- _Instructions to follow_: Go through the listing and write out each line exactly.

- _Data for this exercise_:

=== Begin Enclosure ===

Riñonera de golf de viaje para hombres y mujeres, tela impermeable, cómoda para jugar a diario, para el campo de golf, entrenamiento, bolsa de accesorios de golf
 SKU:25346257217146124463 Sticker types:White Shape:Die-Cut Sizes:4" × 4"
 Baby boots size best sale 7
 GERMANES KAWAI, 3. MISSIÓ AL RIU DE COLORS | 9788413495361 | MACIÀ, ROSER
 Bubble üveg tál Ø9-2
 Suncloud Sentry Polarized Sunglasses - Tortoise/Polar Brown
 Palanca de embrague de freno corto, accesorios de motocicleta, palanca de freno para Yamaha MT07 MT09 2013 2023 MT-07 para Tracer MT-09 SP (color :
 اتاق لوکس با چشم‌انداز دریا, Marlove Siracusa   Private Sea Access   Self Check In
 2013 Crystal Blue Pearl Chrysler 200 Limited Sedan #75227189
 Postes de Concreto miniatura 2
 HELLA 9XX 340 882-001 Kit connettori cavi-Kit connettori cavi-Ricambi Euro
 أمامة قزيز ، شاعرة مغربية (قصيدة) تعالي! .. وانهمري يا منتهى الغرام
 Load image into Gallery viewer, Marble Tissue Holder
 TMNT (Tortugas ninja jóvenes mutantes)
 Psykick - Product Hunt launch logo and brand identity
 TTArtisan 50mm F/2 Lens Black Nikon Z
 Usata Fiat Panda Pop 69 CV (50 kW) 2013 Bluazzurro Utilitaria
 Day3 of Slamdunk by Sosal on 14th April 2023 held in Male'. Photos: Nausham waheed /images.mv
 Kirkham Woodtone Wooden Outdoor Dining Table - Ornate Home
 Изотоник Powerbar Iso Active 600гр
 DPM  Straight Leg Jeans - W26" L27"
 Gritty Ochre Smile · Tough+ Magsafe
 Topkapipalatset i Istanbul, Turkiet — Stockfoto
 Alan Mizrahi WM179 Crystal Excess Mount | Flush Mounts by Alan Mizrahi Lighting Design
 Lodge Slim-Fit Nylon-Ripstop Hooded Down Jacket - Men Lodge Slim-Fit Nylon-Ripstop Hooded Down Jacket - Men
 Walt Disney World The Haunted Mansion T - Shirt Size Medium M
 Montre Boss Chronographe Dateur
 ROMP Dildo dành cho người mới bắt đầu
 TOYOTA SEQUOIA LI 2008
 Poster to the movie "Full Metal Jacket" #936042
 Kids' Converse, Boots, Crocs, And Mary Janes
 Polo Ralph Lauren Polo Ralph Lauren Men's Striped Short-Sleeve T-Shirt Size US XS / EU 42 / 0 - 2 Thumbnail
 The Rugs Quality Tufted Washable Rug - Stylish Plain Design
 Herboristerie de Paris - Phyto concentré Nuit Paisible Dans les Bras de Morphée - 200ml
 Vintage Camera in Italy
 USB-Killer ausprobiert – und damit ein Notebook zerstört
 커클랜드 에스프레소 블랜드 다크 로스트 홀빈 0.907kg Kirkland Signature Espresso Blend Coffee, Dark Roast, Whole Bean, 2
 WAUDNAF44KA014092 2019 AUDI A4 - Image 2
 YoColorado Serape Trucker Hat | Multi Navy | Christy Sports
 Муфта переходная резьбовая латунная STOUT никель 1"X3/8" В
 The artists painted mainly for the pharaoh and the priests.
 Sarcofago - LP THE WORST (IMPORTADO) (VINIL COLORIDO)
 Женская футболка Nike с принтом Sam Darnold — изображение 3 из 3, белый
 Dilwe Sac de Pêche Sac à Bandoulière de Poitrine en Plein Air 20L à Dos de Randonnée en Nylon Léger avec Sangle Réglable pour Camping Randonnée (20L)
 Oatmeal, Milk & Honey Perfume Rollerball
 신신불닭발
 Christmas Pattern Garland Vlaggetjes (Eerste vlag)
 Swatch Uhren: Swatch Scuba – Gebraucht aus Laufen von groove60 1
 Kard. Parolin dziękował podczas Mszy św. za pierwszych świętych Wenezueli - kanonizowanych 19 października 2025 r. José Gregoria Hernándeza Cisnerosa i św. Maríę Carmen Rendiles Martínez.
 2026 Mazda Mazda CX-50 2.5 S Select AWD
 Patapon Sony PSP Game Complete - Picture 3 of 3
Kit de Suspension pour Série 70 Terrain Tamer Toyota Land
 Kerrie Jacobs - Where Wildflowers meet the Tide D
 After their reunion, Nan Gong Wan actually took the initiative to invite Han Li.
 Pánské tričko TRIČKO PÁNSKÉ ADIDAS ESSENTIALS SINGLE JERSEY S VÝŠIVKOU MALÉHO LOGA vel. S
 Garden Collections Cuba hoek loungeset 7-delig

=== End Enclosure ===

- _Task result_:
Riñonera de golf de viaje para hombres y mujeres, tela impermeable, cómoda para jugar a diario, para el campo de golf, entrenamiento, bolsa de accesorios de golf
 SKU:25346257217146124463 Sticker types:White Shape:Die-Cut Sizes:4" × 4"
 Baby boots size best sale 7
 GERMANES KAWAI, 3. MISSIÓ AL RIU DE COLORS | 9788413495361 | MACIÀ, ROSER
 Bubble üveg tál Ø9-2
 Suncloud Sentry Polarized Sunglasses - Tortoise/Polar Brown
 Palanca de embrague de freno corto, accesorios de motocicleta, palanca de freno para Yamaha MT07 MT09 2013 2023 MT-07 para Tracer MT-09 SP (color :
 اتاق لوکس با چشم‌انداز دریا, Marlove Siracusa   Private Sea Access   Self Check In
 2013 Crystal Blue Pearl Chrysler 200 Limited Sedan #75227189
 Postes de Concreto miniatura 2
 HELLA 9XX 340 882-001 Kit connettori cavi-Kit connettori cavi-Ricambi Euro
 أمامة قزيز ، شاعرة مغربية (قصيدة) تعالي! .. وانهمري يا منتهى الغرام
 Load image into Gallery viewer, Marble Tissue Holder
 TMNT (Tortugas ninja jóvenes mutantes)
 Psykick - Product Hunt launch logo and brand identity
 TTArtisan 50mm F/2 Lens Black Nikon Z
 Usata Fiat Panda Pop 69 CV (50 kW) 2013 Bluazzurro Utilitaria
 Day3 of Slamdunk by Sosal on 14th April 2023 held in Male'. Photos: Nausham waheed /images.mv
 Kirkham Woodtone Wooden Outdoor Dining Table - Ornate Home
 Изотоник Powerbar Iso Active 600гр
 DPM  Straight Leg Jeans - W26" L27"
 Gritty Ochre Smile · Tough+ Magsafe
 Topkapipalatset i Istanbul, Turkiet — Stockfoto
 Alan Mizrahi WM179 Crystal Excess Mount | Flush Mounts by Alan Mizrahi Lighting Design
 Lodge Slim-Fit Nylon-Ripstop Hooded Down Jacket - Men Lodge Slim-Fit Nylon-Ripstop Hooded Down Jacket - Men
 Walt Disney World The Haunted Mansion T - Shirt Size Medium M
 Montre Boss Chronographe Dateur
 ROMP Dildo dành cho người mới bắt đầu
 TOYOTA SEQUOIA LI 2008
 Poster to the movie "Full Metal Jacket" #936042
 Kids' Converse, Boots, Crocs, And Mary Janes
 Polo Ralph Lauren Polo Ralph Lauren Men's Striped Short-Sleeve T-Shirt Size US XS / EU 42 / 0 - 2 Thumbnail
 The Rugs Quality Tufted Washable Rug - Stylish Plain Design
 Herboristerie de Paris - Phyto concentré Nuit Paisible Dans les Bras de Morphée - 200ml
 Vintage Camera in Italy
 USB-Killer ausprobiert – und damit ein Notebook zerstört
 커클랜드 에스프레소 블랜드 다크 로스트 홀빈 0.907kg Kirkland Signature Espresso Blend Coffee, Dark Roast, Whole Bean, 2
 WAUDNAF44KA014092 2019 AUDI A4 - Image 2
 YoColorado Serape Trucker Hat | Multi Navy | Christy Sports
 Муфта переходная резьбовая латунная STOUT никель 1"X3/8" В
 The artists painted mainly for the pharaoh and the priests.
 Sarcofago - LP THE WORST (IMPORTADO) (VINIL COLORIDO)
 Женская футболка Nike с принтом Sam Darnold — изображение 3 из 3, белый
 Dilwe Sac de Pêche Sac à Bandoulière de Poitrine en Plein Air 20L à Dos de Randonnée en Nylon Léger avec Sangle Réglable pour Camping Randonnée (20L)
 Oatmeal, Milk & Honey Perfume Rollerball
 신신불닭발
 Christmas Pattern Garland Vlaggetjes (Eerste vlag)
 Swatch Uhren: Swatch Scuba – Gebraucht aus Laufen von groove60 1
 Kard. Parolin dziękował podczas Mszy św. za pierwszych świętych Wenezueli - kanonizowanych 19 października 2025 r. José Gregoria Hernándeza Cisnerosa i św. Maríę Carmen Rendiles Martínez.
 2026 Mazda Mazda CX-50 2.5 S Select AWD
 Patapon Sony PSP Game Complete - Picture 3 of 3
Kit de Suspension pour Série 70 Terrain Tamer Toyota Land
 Kerrie Jacobs - Where Wildflowers meet the Tide D
 After their reunion, Nan Gong Wan actually took the initiative to invite Han Li.
 Pánské tričko TRIČKO PÁNSKÉ ADIDAS ESSENTIALS SINGLE JERSEY S VÝŠIVKOU MALÉHO LOGA vel. S
 Garden Collections Cuba hoek loungeset 7-delig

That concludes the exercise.